Please return exactly the lines below that run from the line with "抖音可乐桶酒怎么调?调制可乐桶酒具体步骤" through the end of the listing, both included, but not the pictures.
▬▬▬
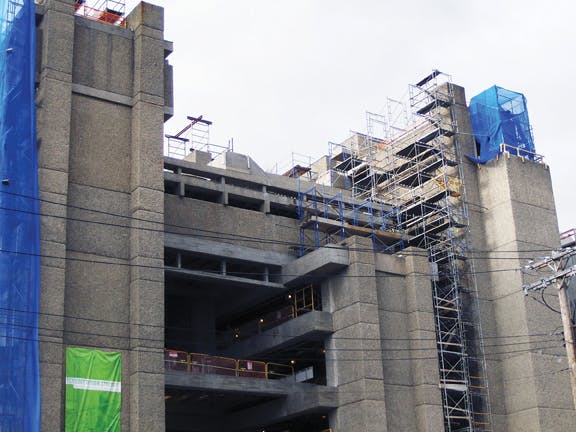 66fb110f1a3f59267ad4f57b Garyku Aa 2038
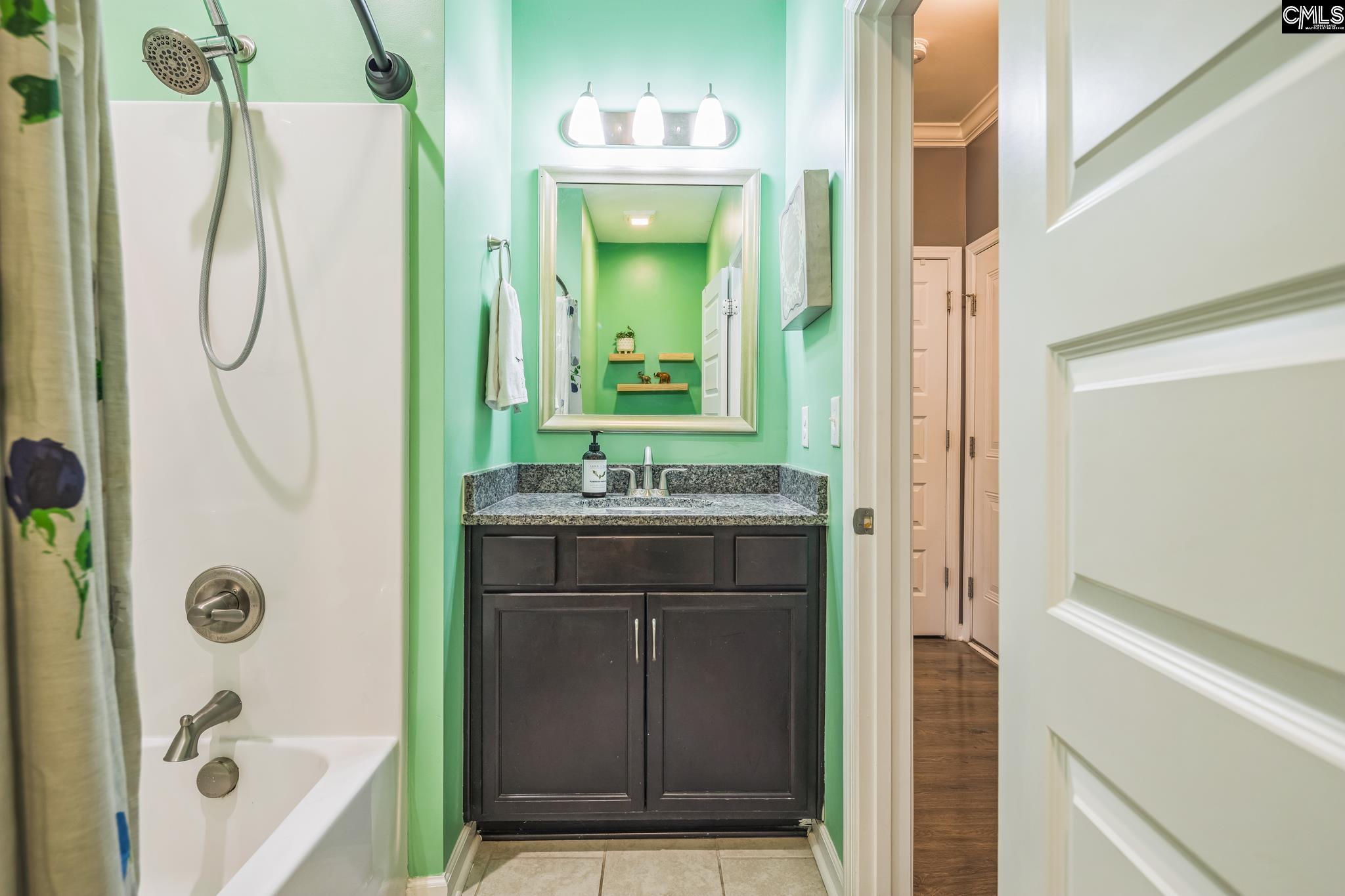 510 Bayhill Lane Blythewood, SC 29016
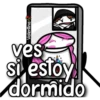 florksita corazón 17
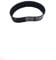 Replacement Toothed Timing Belt for SKIL Electric Hand Planer 2610389040 - Models HD1555 1555 1500 1506 H1 1507 1510 H1 1512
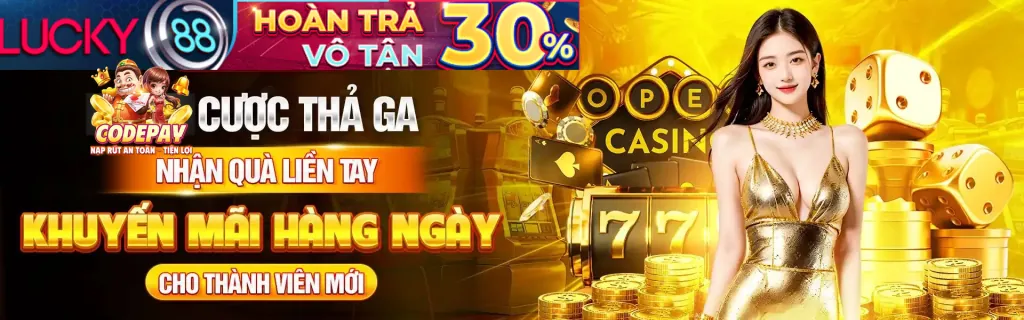 Cơ hội hợp tác kinh doanh với 118kbet win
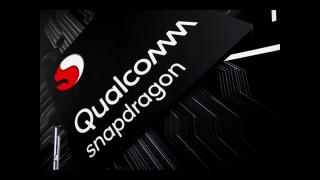 Noul procesor Snapdragon 8 Gen2 va fi anunțat pe 14 noiembrie, ziua de start a summit-ului Snapdragon fiind dezvăluită din greșeală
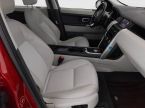 Land Rover Discovery - fotka číslo 8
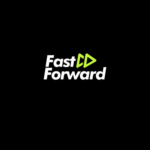 Fast Forward Launches Africa-Focused Fund to Empower Nigerian Livestock Startups With Grant from Germany’s GIZ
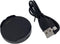 CBK New SDT-335 Charging Cradle Charger Dock for LG Watch Urbane W150 +USB Cable US...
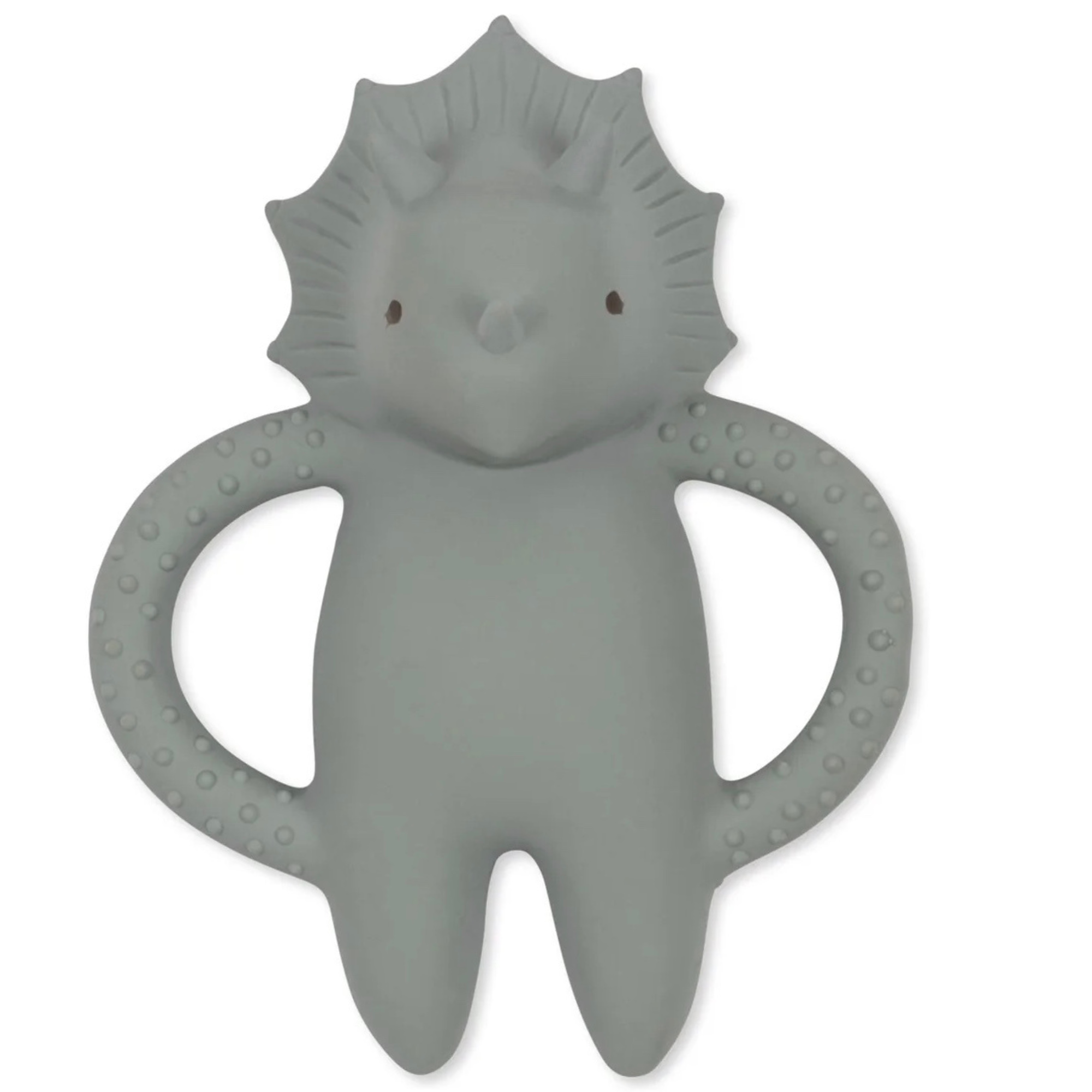 Anneau de dentition Dino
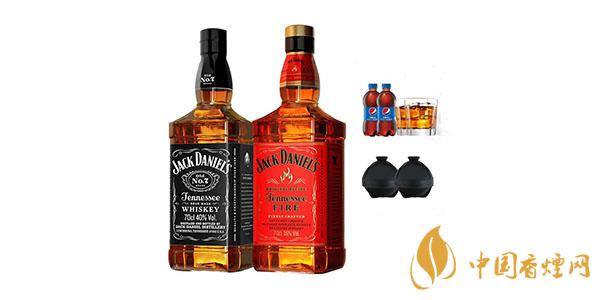 抖音可乐桶酒怎么调?调制可乐桶酒具体步骤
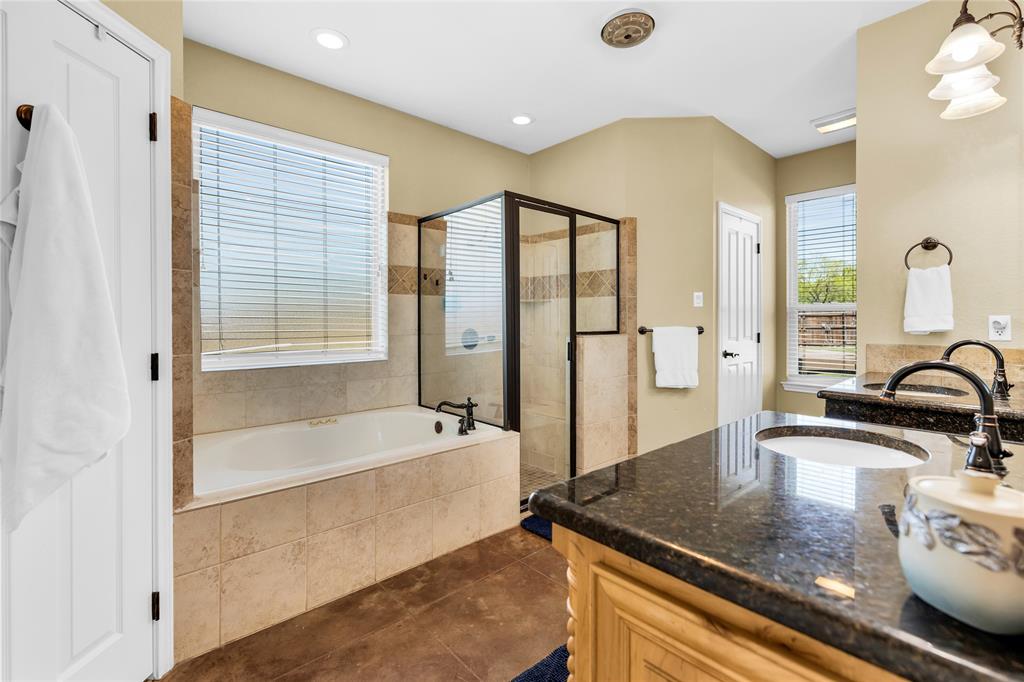 4031 Burleson Retta Road Burleson, TX 76028 - Photo 8 of 40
▬▬▬
TASK RESULT:
 抖音可乐桶酒怎么调?调制可乐桶酒具体步骤
 4031 Burleson Retta Road Burleson, TX 76028 - Photo 8 of 40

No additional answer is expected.